The "Chinese Dream" of wealth and power that will secure China's identity is more than some belated response to 19th century colonialism.  China's governmental style has never lost its Confucian foundation despite Mao's efforts to break down traditional Chinese cultural traits.  The Chinese Communist Party simply subsumed the old patronage relationships that always characterized imperial China.  Only the images changed, and grafting the Party's authority onto a suborned governing structure does not change the Confucian nature of its authority.  Modern Chinese interpret the "mandate of heaven" as continued economic growth.  Failure to meet this expectation will cause China's emerging bourgeoisie to question the Party's legitimacy.  That question is about a decade away from becoming reality by virtue of demographics.

China's unassimilated minorities must figure into any Western analysis of that country's stability but Western analysts disappoint me by continuing to refer to China as monolithic.  This failure to see ethnic nuances is one fatal flaw that early scholars of Oriental despotism such as Karl August Wittfogel never corrected.  The PRC's own written constitution refers to the "nations of China."  China's insecurity, as expressed in its reassertion of historic claims over seemingly inconsequential islands, is the product of an unfinished nationalist attempt to reconcile some irreconcilable minorities to Han and Manchu primacy.  Nationalism as a unifying impulse is the only way China can contain restive Tibetans, Uighurs, and Mongolians when economic growth begins to falter.  China's unresolved territorial disputes with India over Arunachal Pradesh (aka South Tibet) and other areas are the perfect future rationales for more saber-rattling.  I do not expect those areas to be quiet for long once China is unable to meet its own middle class's economic expectations for a "mandate of heaven" in its standard of living.

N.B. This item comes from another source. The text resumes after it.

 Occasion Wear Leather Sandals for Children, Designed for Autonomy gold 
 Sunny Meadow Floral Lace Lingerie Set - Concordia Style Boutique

Oh BTW, those seemingly inconsequential islands are fairly consequential after all.  Securing unchallenged basing rights to uninhabited rocks allows China to extend its exclusive economic zone under UNCLOS far beyond its coastal waters.  This provides legal precedent for regulating fishing, crabbing, and even ocean transit in a manner that reflects the tributary relationships imperial China once imposed upon its weaker Asian neighbors.  China's desire to assert an air defense identification zone (ADIZ) over the entire East China Sea reflects the same impulse.  The US Navy guarantees freedom of navigation through Pacific sea lanes, free of charge to all comers.  There is no assurance in Asian history that Chinese naval dominance will be as generous.  Any PLA Navy attempt to charge a tariff for transit will provoke an outcry that will demand an international response.

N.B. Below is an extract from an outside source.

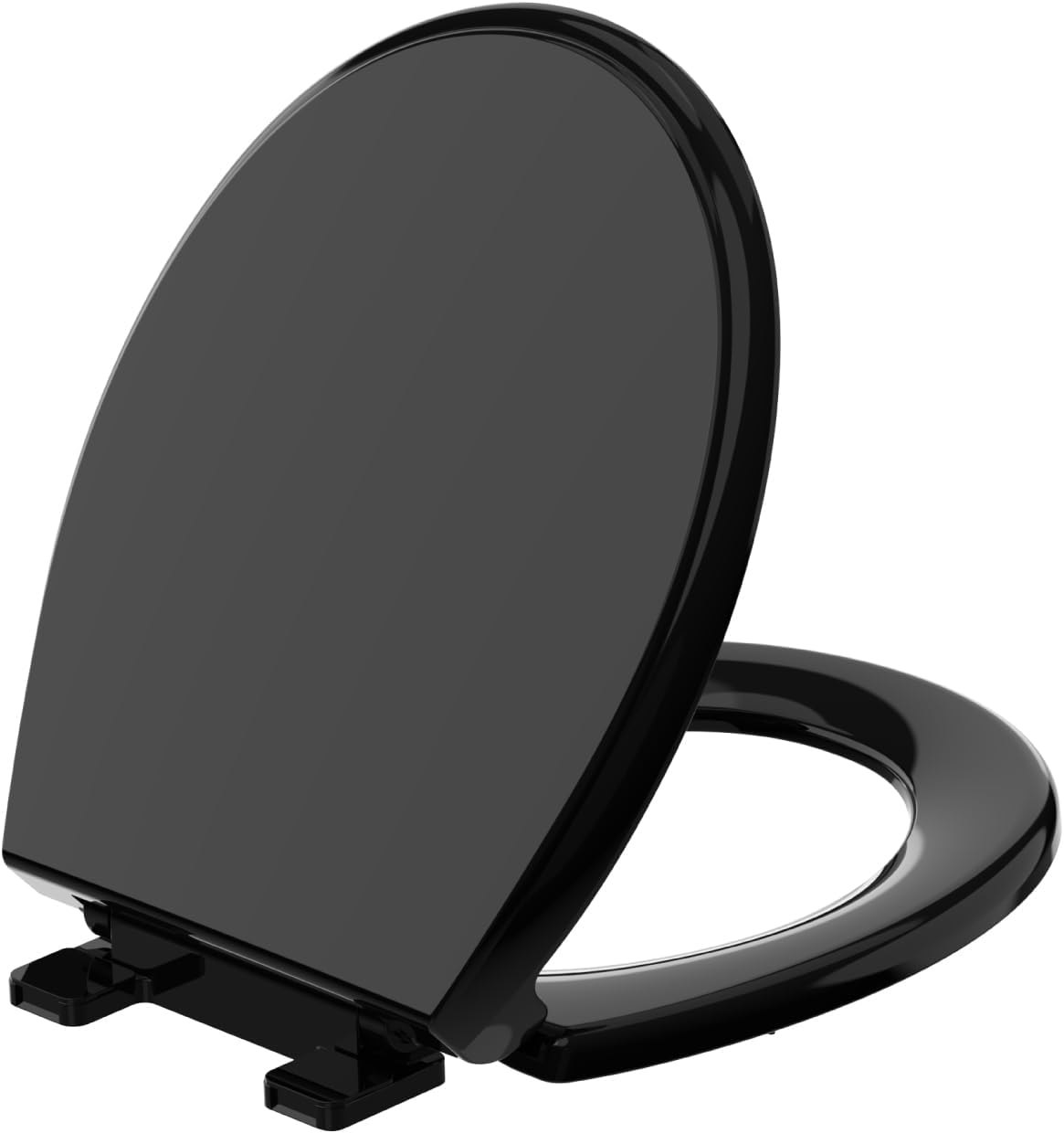 Round Toilet Seat with Built-In Toddler Seat, White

Chinese nationalism is not the self-deterministic expression familiar to Western scholars.  It is a resurgence of the ancient imperialist impulse that runs through much of China's pre-modern history.  The Beijing Consensus uses economic development and nationalism to restore China's self-image as an empire.  The Chinese Dream is the domestic mythos covering that policy consensus.  Faltering economic development means nationalism becomes the stronger impulse to maintain the unifying self-image.  This is why neoliberal interpreters of the Washington Consensus for economic development misapply the Beijing Consensus as a competing development model for emerging markets.  It is no such thing.  It is traditional Chinese imperialism, directed simultaneously at China's unassimilated minorities and weaker neighbors.  Western analysts can increase their understanding of Asian dynamics by updating some forgotten concepts like the hydraulic empire without Wittfogel's ideological limitations.  Himalayan hydrology has everything to do with the water-energy-food security nexus driving China's internal development and its relationship with India over contested territories.  The Asia Society and Commonwealth Club should study this Alfidi Capital thesis in more detail.  I'm available for speaking engagements in front of VIP audiences, if you know what I mean.